**DIRECTIONS:**
Print all the entries verbatim.
[[ SUPPLIED RECORDS open ]]
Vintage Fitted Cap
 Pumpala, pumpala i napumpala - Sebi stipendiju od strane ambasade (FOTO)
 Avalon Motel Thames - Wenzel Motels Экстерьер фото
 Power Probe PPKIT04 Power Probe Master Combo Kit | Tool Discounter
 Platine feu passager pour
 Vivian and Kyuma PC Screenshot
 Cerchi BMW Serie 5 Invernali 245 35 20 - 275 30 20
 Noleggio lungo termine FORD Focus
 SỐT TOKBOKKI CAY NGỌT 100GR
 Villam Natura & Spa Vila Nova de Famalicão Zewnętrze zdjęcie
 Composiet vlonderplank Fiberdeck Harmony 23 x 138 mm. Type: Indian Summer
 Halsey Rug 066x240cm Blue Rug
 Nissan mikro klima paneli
[[ SUPPLIED RECORDS closed ]]
**TASK ANSWER:**
Vintage Fitted Cap
 Pumpala, pumpala i napumpala - Sebi stipendiju od strane ambasade (FOTO)
 Avalon Motel Thames - Wenzel Motels Экстерьер фото
 Power Probe PPKIT04 Power Probe Master Combo Kit | Tool Discounter
 Platine feu passager pour
 Vivian and Kyuma PC Screenshot
 Cerchi BMW Serie 5 Invernali 245 35 20 - 275 30 20
 Noleggio lungo termine FORD Focus
 SỐT TOKBOKKI CAY NGỌT 100GR
 Villam Natura & Spa Vila Nova de Famalicão Zewnętrze zdjęcie
 Composiet vlonderplank Fiberdeck Harmony 23 x 138 mm. Type: Indian Summer
 Halsey Rug 066x240cm Blue Rug
 Nissan mikro klima paneli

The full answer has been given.